C’était le grand débat : Microsoft a-t-il copié le «deck» de Mac OS X pour sa nouvelle barre des tâches? Le look transparence/grosses icones a en effet des airs de «déjà vu». Mais comme le résume Gizmodo: avantage Windows. Cette barre devient le véritable centre névralgique du bureau.

Au début, on est un peu perdu. Où est passée l’icône de raccourci bureau? (désormais, il s’agit d’un petit rectangle tout en bas à droite: si on passe la souris dessus, le bureau se dévoile, si on clique, on s’y rend. Et le «touche windows + D» marche toujours). La différence entre un raccourci et une application en cours d’exécution ne saute pas aux yeux (un léger effet lumineux), créer un nouveau document quand Word est déjà ouvert, peu pratique (clic droit sur l’icône, puis nouveau document).

En revanche, certaines fonctionnalités vous manquent très vite en repassant à XP ou Vista

  • Aero peek, qui permet d’avoir un aperçu des fenêtres en passant la souris sur une icône de la barre des tâches –y compris des miniatures des onglets de vôtre navigateur Internet
  • Aero snap, une série de mouvements intelligents pour manipuler vos fenêtres: déplacez-en en haut de l’écran et elle s’agrandit, à gauche ou à droite et elle se redimensionne à la moitié de l’écran, secouez-la et elle chasse ses voisines
  • les jump lists qui offrent notamment un accès rapide aux derniers fichiers ouverts via un clic droit sur une application

Sans compter la gestion des écrans tactiles (que nous n’avons pas testé).

 

 

La date de commercialisation reste floue, mais on peut tabler sur une petite année.

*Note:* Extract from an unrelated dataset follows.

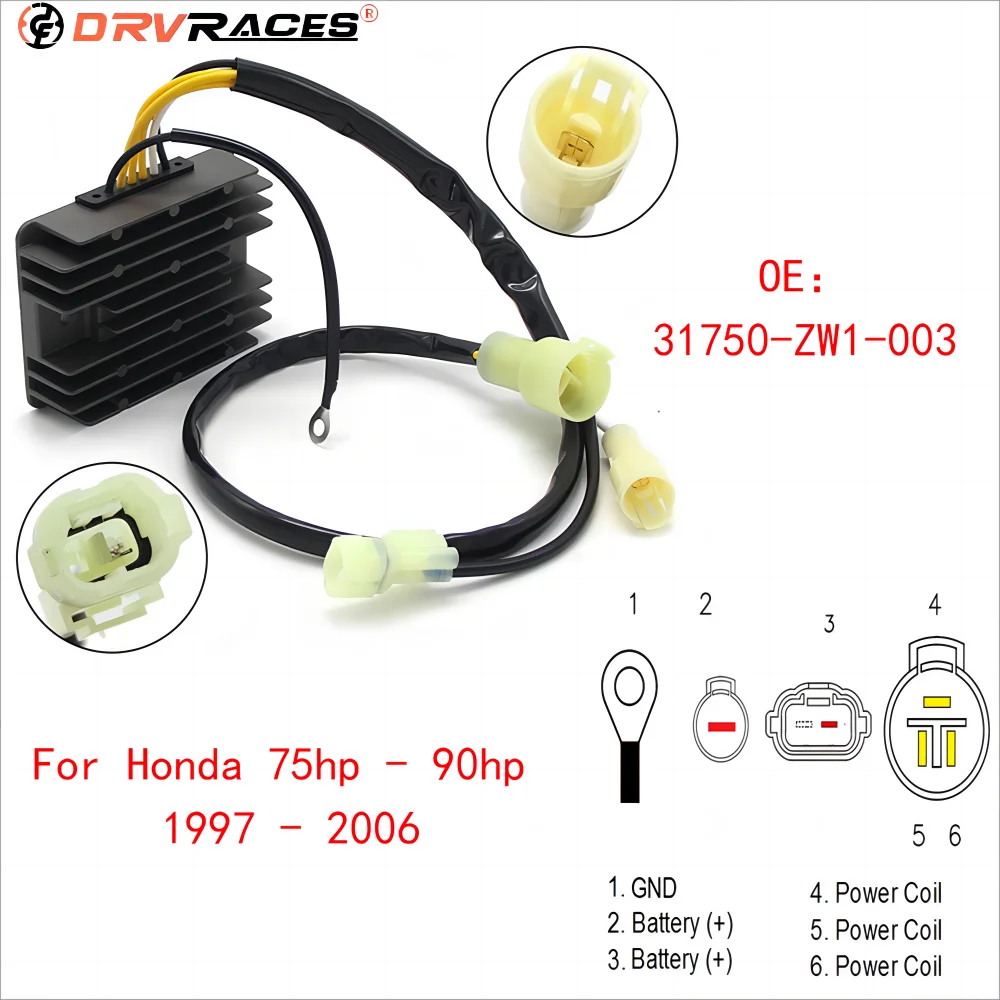 

Outboard Voltage Regulator Rectifier For Honda BF75 BF90 75hp 90hp 1997 to 2006 31750-ZW1-003 Motorcycle Accessories Parts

Reste à voir ce que donnera Windows 7 en termes de sécurité (et de compatibilité logicielle pour les entreprises), en espérant que Microsoft renonce à sortir de multiples versions de son OS –ce qui ne semble pas gagné. Certains (notamment les développeurs qui s’arrachent parfois les cheveux) peuvent aussi regretter que le système de base de registres, introduit avec Windows 95, et qui a la fâcheuse tendance à devenir une plaie après quelques mois d’installations/désinstallations, n’ait pas encore été revu de fond en comble.

 

Mais une chose est sûre: l’expérience est enfin agréable. Windows 7 s’annonce-t-il comme une révolution? Certainement pas. Mais il sera peut-être temps de mettre XP au placard. Enfin.

 
 

Quelles sont vos impressions? Microsoft a-t-il tiré les leçons de Vista? Ou quoi qu’il fasse, vous préférez de toute façon Ubuntu ou Mac OS X?